Quando a menina recebeu o copo com água, percebi que sua boca sangrava. Aproximei-me da criança e perguntei o que havia acontecido. Ela respondeu que tinha quebrado um dente que estava cariado e que a água ajudaria a passar a dor. Diante da situação, perdi completamente a fome. Disse para a moça da panificadora que podia dar o lanche para a menina, mas ela reclamou antes de atender meu pedido. ''Você não sabe o que está fazendo. Acostume mal esta gente e vai ver o que acontece, eles não param de te incomodar''. Acho que não olhei para ela com a cara muito boa, pois em seguida atendeu meu pedido sem resmungar.
Saí da panificadora com uma dor ainda mais forte no estômago, mas daquela vez, a dor era de nervosismo e de inconformismo pela situação.
A menina ficou sentada no meio-fio comendo o pão com manteiga e bebendo o café. Eu continuei pela rua. Durante o percurso que fiz até meu local de trabalho, fui refletindo sobre o episódio que acabara de presenciar e de participar. Constatei mais uma vez, que infelizmente valemos só pelo que possuímos e isto embrulhou meu estômago e deu uma vontade enorme de vomitar.
E por falar em vômito, andei mais algumas quadras e me aproximei de uma praça malcuidada onde havia um aglomerado de pessoas. Ao chegar mais perto do grupo, vi que um candidato a vereador vomitava palavras para uma platéia que de tão embevecida com o que ele dizia, chegava a babar. Fiquei ali alguns instantes e o homem não parava de falar. Momentos depois, olhei para um dos lados e vi a menina que há pouco estava na panificadora. Ela chegou e se aproximou de um homem que estava junto das pessoas que ouviam o candidato. O homem baixinho e desdentado perguntou algo para a criança mas não se moveu do lugar. A menina respondeu e continuava a cuspir sangue.
Depois que o candidato terminou seu longo e nada aproveitável discurso, muitas pessoas se aglomeraram para cumprimentá-lo. A menina e o homem, que depois fiquei sabendo que era seu pai, também se dirigiram até o candidato. Depois de algumas conversas, e de receberem um abraço nada carinhoso do candidato, os dois se retiraram com as mãos cheias de propaganda.

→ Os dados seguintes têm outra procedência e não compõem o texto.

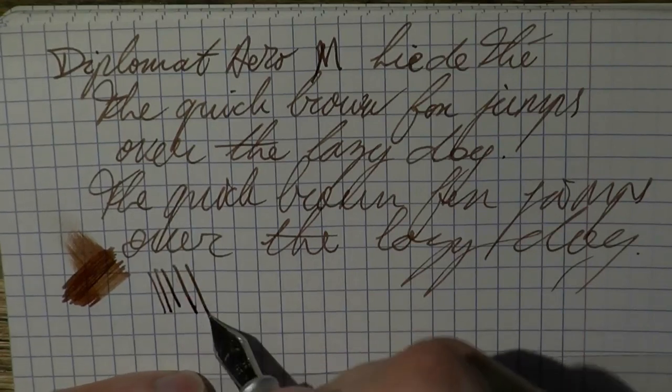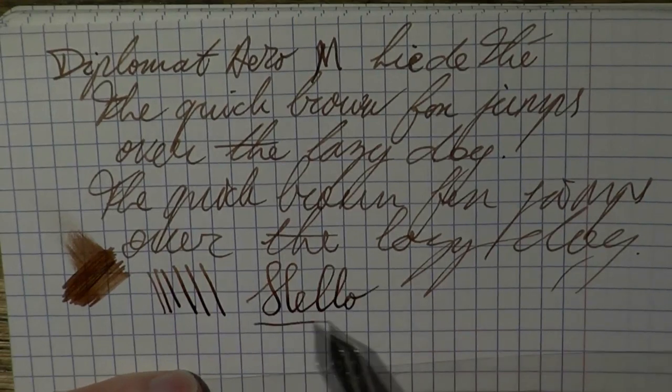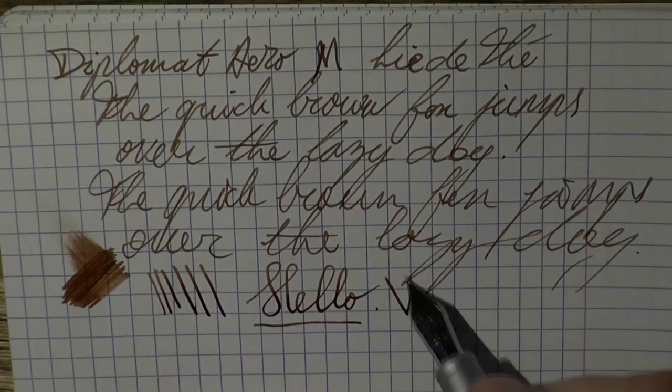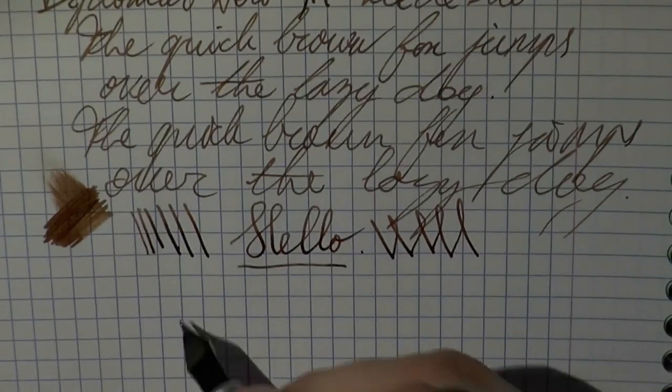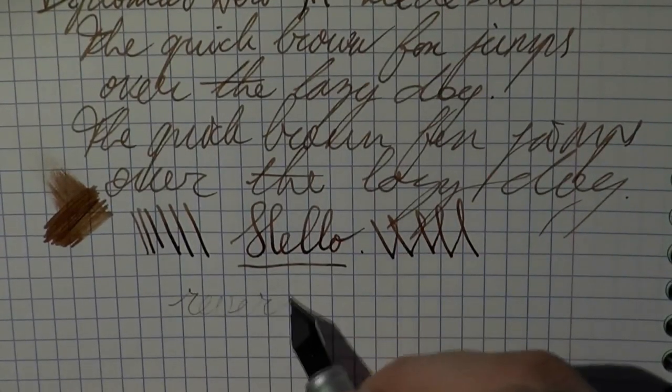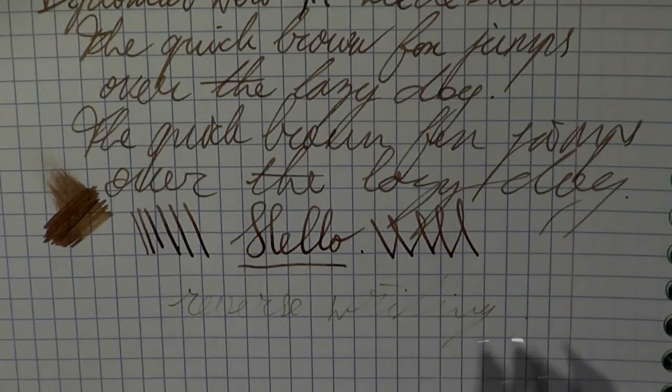Line variation — well, it is a steel nib. You can squeeze out a little bit, but not excessively so. So this is about all you get. And then finally we get a little bit of reverse writing. I can immediately feel this is much more scratchy like this, so this is clearly not a pen you can just turn around and write with.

Fui até o homem e perguntei se ele realmente acreditava no candidato que discursara e que lhe incumbiu da entrega das propagandas. Ele respondeu sem olhar nos meus olhos que aquele era o melhor jeito de garantir a comida daquela noite. ''Moço, tenho cinco filhos e vivo de catar papel. Tem dias que não como e choro calado quando meus filhos pedem algo que não posso dar. Não posso recusar trabalho, mas confesso para você que me sinto mal em fazer o que estou fazendo, porque sei que quando acabar a campanha, eu continuo o mesmo ninguém que sempre fui''.
Caminhei com o homem e a criança mais alguns instantes e fiquei sabendo que ele perdera o emprego na laminadora onde trabalhava porque não tinha estudo suficiente para operar as novas máquinas que a empresa comprou. Com lágrimas nos olhos, ele fitou-me e disse: ''Eu ando desesperado e perdi o respeito até da minha família. Para mim tanto faz roubar ou trabalhar para ladrão, nada tenho a perder mesmo''.
Quase chorei junto com o homem. Despedi-me dele e segui meu caminho refletindo sobre as porradas que a vida dá nas pessoas, principalmente nas pessoas mais fracas e ainda por cima impossibilitadas de qualquer movimento de defesa. Senti vergonha de mim mesmo por também ser um impotente perante as situações que acontecem bem em minha frente.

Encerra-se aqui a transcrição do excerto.